Ben bir mason değilim. Fakat şöyle düşünüyorum, Masonluk ile söz konusu dogmaların, o dogmalara mensup kişilerce nasıl uzlaştırılabildiği konusu aslında cevabı içinde bir sorudur. Gerçek şu ki, locadaki üç kutsal kitabın üçü, kronolojik sıra ilerlediğinde zaten diğerlerini sert bir şekilde eleştiren, zıtlaşan kitaplardır. Özellikle Kuran'ı Kerim'in, mevcut İncil ve Tevrat'taki dogmaların çoğuyla ciddi derecede zıt öğretileri mevcut. Yani bırakın masonik prensipleri, ortada bir masonik prensip olmasa dahi o üç kitap herhangi bir yerde bir arada bulunması imkansızdır. Masonik prensiplerle çelişene kadar, birbirleriyle çelişen din kitapları daha acil bir sorundur.
Örneğin İslam'da tek tanrı inancı varken, İncil'de teslis vardır. Kuran'da İncil'deki bu tutum sert bir şekilde eleştirilir. Alev Alatlı'nın dinler arası diyaloğun imkansızlığını açıklarken kullandığı ifadeyi aynen almak gerekirse, "bir kadının mahrem yerinden doğan bir tanrı kavramı ile, İslam'ın muhalefetün lil havadis sıfatına sahip (Allah'ın hiçbir varlıkla benzeşemeyeceği) tanrısına inanan birinin ortak bir yolda yürümesi imkansızdır".
Yani masonluk şöyle kalsın, Hristiyanlık ve İslam'ın nasıl uzlaştırıldığı zaten başlı başına bir sorundur.
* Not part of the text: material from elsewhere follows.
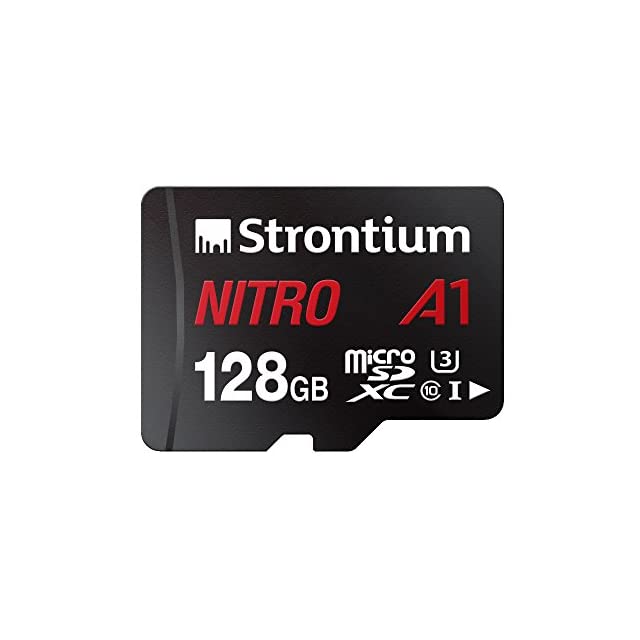 Strontium Nitro A1 128GB Micro SDXC Memory Card 100MB/s A1 UHS-I U3 Class 10 with High Speed Adapter for Smartphones Tablets Drones Action Cams (SRN128GTFU3A1A)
Her ne kadar forumun farklı yerlerinde bu sorunun cevaplandırıldığı söylense de, bu durumun samimi bir açıklaması olacağını düşünmüyorum. Adeta matematiksel denecek bir eşitsizlik var. Burası kesin.
Fakat ben şöyle düşünüyorum; masonluk, bu üç kitabı yan yana koyarak, zaten tam da bu çelişkiyi, alegori olarak, bir sembol olarak kullanabilir, ve aslında şunu demek isteyebilir "biz de tam bu çelişkiyi göstermek istiyorduk".
Bu durumda bu çelişkiyi göstermek istemekle, masonluğun, üç kitabı yanyana koymakla, aslında üç kitabı tümüyle bir "boş küme" olarak ele aldığı düşünülebilir.
Yani şunu demek istiyor olabilir; "üç din de, özünde birdir, farklılıkları olmaması gerekir, ve masonluk, kendi deistik öncülüyle (nitekim bir tanrının varlığına inanmayan mason olamaz) bu üç dinin farklı bir yorumunu benimser".
Bu farklı yorum da kaçınılmaz olarak deizm oluyor. Yani tek tanrıcılık. Bundan sonraki tüm ihtilafları ve ihtilaf konusu olan tüm uygulamaları reddediyor. Ortaya iyice ayıklanmış bir tevhid inancı çıkıyor.
Burada da kalmıyor.
Derecelerin ilerledikçe, yeni prensiplerin üzerine eklendiğini görüyoruz. Özellikle Sayın Adam'ın yazısında söylediği şeyler bunlar. İçeriği nedir ben bilmiyorum. Ama böyle bir şey şayet varsa, ki Sayın Adam'dan var olduğunun ipuçlarını alıyoruz, masonluk, tek tanrıcılığın içine kendi prensiplerini koymaya başlıyor, ve haliyle bu prensipler de, ayıklanmış ibrahimi dinlerle doğal olarak bir çelişki oluşturuyor. Ve masonluk böyle yapmakla, aslında kendi din anlayışını oluşturuyor.
Peki inançı Hristiyan mason, veya Müslüman, Musevi mason tüm bunları kendi diniyle nasıl uzlaştırıyor?
Tabii ki uzlaştıramıyor. Uzlaştırmasının mümkün olmadığını söylemek için çok araştırma yapmaya gerek yok. Üç kitapta yazılanlar ve masonik derecelerin kendi öğretileri zaten durumu açıklıyor.
Peki uzlaştıramayınca ne yapıyor? Masonluktan ayrılıyor mu? Binlerce masonun hala mason olarak kaldığını gördüğümüz için, ayrılmıyor diyebiliriz. Peki napıyor?
Bence pek işin üstüne gitmiyor. Bu durumu dert edinmiyor. Zaten ben çoğu masonun, masonik prensipleri hayatına uygulamak için mason olduğunu düşünmüyorum. Çoğu mason, bir sosyal statü ve güç elde etmek için masonlukta kalıyor, eğer gerçekten Hristiyan'sa, zaten masonlukta ettiği yeminleri tutmuyor, masonik prensiplere gönül vermiyor. Locadaki 3 kitaptan birine inanmaya içten içe devam ediyor. Derece atladıkça ezberleyip okuduğu masonik unsurları formalite icabı kabul ediyor. Aslında herkes, kendi işine gücüne bakıyor. Veya gerçekten masonsa, bu gerçekten hristiyan veya müslüman olmadığı, masonik yorumları tercih ettiği anlamına geliyor. Bu sefer o üç kitabın üçüne de inanmıyor, ve masonluğun, yani yeni dinin yolunu benimsiyor.
Mu?
Bilmiyorum. Ben burada kendi çözümlememi, varsayımımı yazdım. Bu sorunun gerçek bir cevabı varsa da bilmek istiyorum.